Flier’s jinx, if it existed, might have been trying to stop them, who knows?  Submarines having trouble with a boat’s engines was certainly nothing new.  Occasionally, a submarine would call HQ and tell them of recurrent or permanently damaged engines and, more times than not, HQ would instruct that submarine to head home and those engines would be thoroughly looked at.  This was the Standard Operating Procedure or SOP for any piece of critical equipment on a submarine like periscopes, Sonar, Radar, Radio, Generators, Batteries…. HQ wouldn’t let you home if the ice cream machine quit working, but the big pieces would earn you a trip back to the barn.  (I wonder if the coffee maker would be considered critical enough to go home?)

So when one of Flier’s four engines “exploded” just twelve hours outside of Lombok Strait in the early afternoon of August 7, Captain Crowley had a choice: try to fix it and continue, or turn back for home?  While a submarine could operate just fine on three engines (and according to the deck log, Flier frequently did just that), he certainly would not be foolish enough to start a patrol with a 25% handicap.   If the engineering hands couldn’t fix that engine, he’d have no choice but to call HQ and likely be ordered back to Fremantle for a fix.  If that happened, Flier’s reputation would likley have suffered as a thoroughly “jinxed boat.”  Flier’s reputation, however, was not Crowley concern: his boat’s preparedness was.

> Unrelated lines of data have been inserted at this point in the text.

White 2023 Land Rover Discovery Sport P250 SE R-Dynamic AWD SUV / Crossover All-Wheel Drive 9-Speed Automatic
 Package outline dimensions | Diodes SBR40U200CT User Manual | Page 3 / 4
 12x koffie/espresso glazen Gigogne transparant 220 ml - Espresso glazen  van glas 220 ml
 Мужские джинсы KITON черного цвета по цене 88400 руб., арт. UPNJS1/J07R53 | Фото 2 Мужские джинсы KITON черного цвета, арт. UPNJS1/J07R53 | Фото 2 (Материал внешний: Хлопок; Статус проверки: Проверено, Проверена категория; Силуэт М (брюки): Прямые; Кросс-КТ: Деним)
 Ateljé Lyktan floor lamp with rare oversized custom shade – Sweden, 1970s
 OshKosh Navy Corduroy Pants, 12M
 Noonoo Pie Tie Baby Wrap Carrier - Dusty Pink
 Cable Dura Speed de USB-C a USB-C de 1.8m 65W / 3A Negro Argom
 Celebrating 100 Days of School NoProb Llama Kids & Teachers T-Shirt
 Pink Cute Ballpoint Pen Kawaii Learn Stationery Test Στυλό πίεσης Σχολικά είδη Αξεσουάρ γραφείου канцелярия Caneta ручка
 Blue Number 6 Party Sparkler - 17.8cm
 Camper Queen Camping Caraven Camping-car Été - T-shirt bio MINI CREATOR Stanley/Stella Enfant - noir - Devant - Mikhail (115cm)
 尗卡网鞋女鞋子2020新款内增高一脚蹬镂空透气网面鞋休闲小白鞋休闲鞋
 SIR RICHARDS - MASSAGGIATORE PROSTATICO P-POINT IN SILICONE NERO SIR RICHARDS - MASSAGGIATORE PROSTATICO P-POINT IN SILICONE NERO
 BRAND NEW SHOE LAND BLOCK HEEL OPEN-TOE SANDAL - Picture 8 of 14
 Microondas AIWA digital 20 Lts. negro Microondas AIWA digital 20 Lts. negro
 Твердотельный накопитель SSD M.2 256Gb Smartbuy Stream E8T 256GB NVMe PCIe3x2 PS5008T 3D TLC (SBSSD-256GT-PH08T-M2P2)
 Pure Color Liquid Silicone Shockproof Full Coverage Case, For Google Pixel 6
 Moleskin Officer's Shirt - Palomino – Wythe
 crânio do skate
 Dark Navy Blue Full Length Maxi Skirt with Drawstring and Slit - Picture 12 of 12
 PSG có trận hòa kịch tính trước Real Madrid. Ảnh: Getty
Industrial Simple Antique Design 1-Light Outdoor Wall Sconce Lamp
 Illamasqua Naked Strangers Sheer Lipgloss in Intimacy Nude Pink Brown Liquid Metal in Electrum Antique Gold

But the Submarine Force is known to be among the best men that the Navy has available to them, and the Flier’s crew shone at this moment.  While Flier pushed north on two or three engines to keep on schedule for crossing the Strait, Ensign Herbert “Teddy” Baehr and his team of twenty Motor Machinist’s Mates (Or Motor Macs) worked on the engine.

Flier had been assigned a specific time window to get through Lombok.  Submarines were shuttled through Lombok on a fairly specific and rigid schedule, each being given about a 24 hour window to go through with a 12-24 hour window on either side between boats.  While the crossing was fairly short if you could do it quickly, that 24 hour window was yours to find the best time to cross for your boat.  It’s quite likely that Captain Crowley gave the Motor Mac crews that 12-hour window to fix her up, and if sucessful, he was planning on crossing at high slack tide, approximately 2 am on 8 August.

If not, back to port for an overhaul.

Baehr and his crew were, however, successful.  Though Jacobson never mentions what, precisely the “explosion” was, and perhaps he never really found out, the repairs were sucessful enough that Captain Crowley gave his blessing to continuing on to patrol.